4/ Le 28 octobre, le congrès du Parti radical décide de rompre avec le programme du Front populaire.

5/ Le 13 novembre 1938, Paul Reynaud, ministre des Finances, fait paraître une série de décrets-lois prévoyant une augmentation des impôts et la remise en cause les quarante heures par l’assouplissement du régime des heures supplémentaires.

Deux jours plus tard, la CGT tient son congrès confédéral à Nantes. Le bilan des deux années passées est amer, dans la mesure où le Front populaire n’a pas tenu ses promesses. Une partie non négligeable du congrès considère que la bataille a été perdue et que le contexte ne se prête pas à la mobilisation. Malgré tout, les ex-unitaires obtiennent que la commission administrative puisse se prononcer sur l’opportunité de la grève.

Le 21 novembre, un large mouvement de grèves avec occupation débute, notamment chez Renault. Immédiatement, le gouvernement fait évacuer les usines. À Billancourt, 3 000 policiers interviennent pour déloger les grévistes et les 28 000 ouvriers sont licenciés. Seuls 60 % furent réembauchés.

Un appel est alors lancé le 25 novembre pour l’organisation d’une grève le 30 novembre. L’épreuve de force s’engage.
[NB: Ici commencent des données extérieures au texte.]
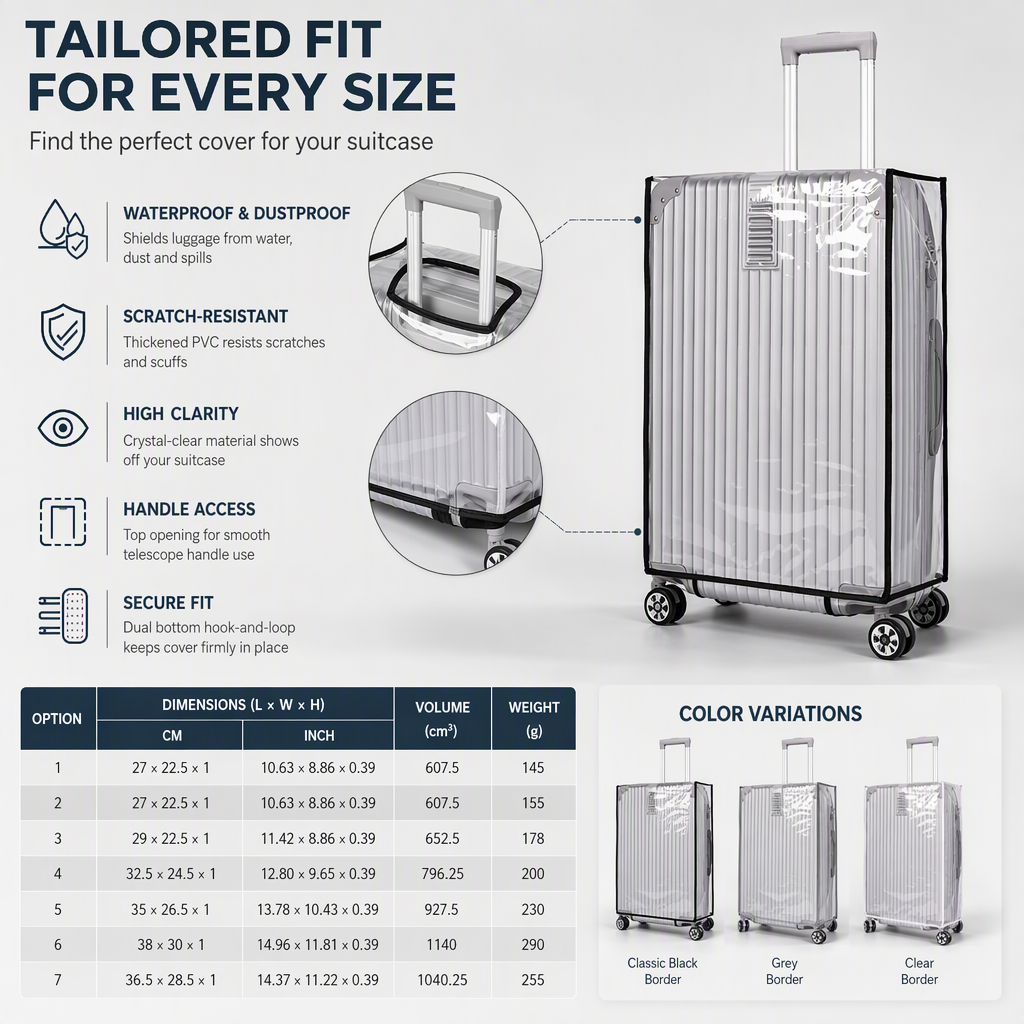 Clear Protective Luggage Cover – product image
Ce jour-là, l’armée quadrille Paris et sa banlieue. Consigne a été donnée de réprimer systématiquement les grévistes. Le mouvement, particulièrement suivi dans l’industrie, fut faible chez les cheminots et les enseignants, inexistant dans les services publics en raison des réquisitions. Le manque de préparation de la grève, le temps laissé au gouvernement et au patronat pour mettre sur pied la répression furent les causes principales de l’échec de ce mouvement.

Dès le lendemain, la répression s’abat : 800 000 ouvriers sont licenciés temporairement ou définitivement, soit près de 10 % de la population ouvrière. Le réembauchage permet au patronat d’écarter les militants et responsables syndicaux. En janvier 1939, on estime à environ 15 000 le nombre de militants syndicaux toujours sans emploi. À cela s’ajoutent aussi les poursuites judiciaires pour plus de 500 d’entre eux. On assiste à une véritable « Saint-Barthélemy des militants ».
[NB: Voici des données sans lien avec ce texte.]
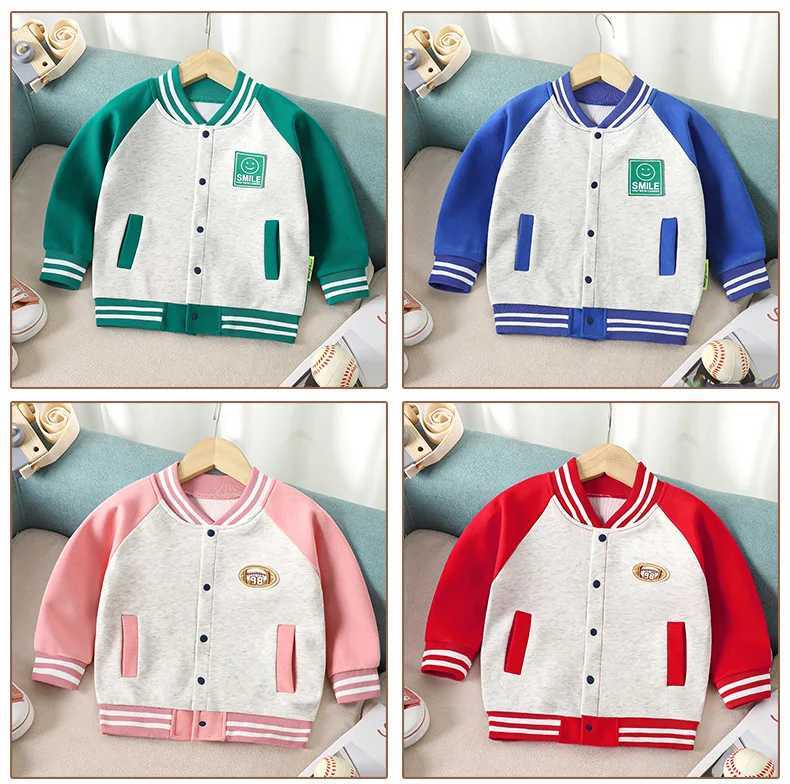 New Children Baseball Jersey Fall Coat Casual Kids Comfy Fit Sport Sweatshirt Jacket Varsi Boy Girl Team Uniform Cardigan TopsXJ241214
La grève du 30 novembre 1938 sonne le glas de la puissance syndicale et la rupture avec l’État. En 1939, les effectifs de la CGT reculent dans une proportion de 25 %. L’affaiblissement est tel qu’il n’y a pas d’appel à chômer le 1er mai 1939, par peur des représailles.

L’enthousiasme et la joie ont cédé la place au désenchantement et au désarroi. La signature du pacte germano-soviétique en août 1939 sème un peu plus le trouble et sert de prétexte à l’exclusion des militants communistes de la CGT le 18 septembre 1939. Soit quinze jours après l’entrée en guerre de la France.

Le 10 mai 1940, l’Allemagne nazie lance son offensive à l’Ouest et impose rapidement une déroute à l’armée française. Le 14 juin, les allemands sont à Paris. Philippe Pétain, nommé chef de gouvernement, signe l’armistice le 22 juin à Compiègne. Le 11 juillet, « l’État français » est proclamé à Vichy. Ce régime dictatorial, dans lequel Pétain concentre tous les pouvoirs, prend immédiatement des mesures antisémites, s’engage dans la collaboration avec l’Allemagne nazie, dissous les organisations syndicales, interdit les grèves et instaure le syndicat unique, tandis que les arrestations et les procès des militants syndicaux et politiques se multiplient.

Une page de l’histoire sociale se tourne, un autre chapitre débute. L’heure est désormais à la Résistance contre l’occupant et les collaborateurs, en attendant la Libération.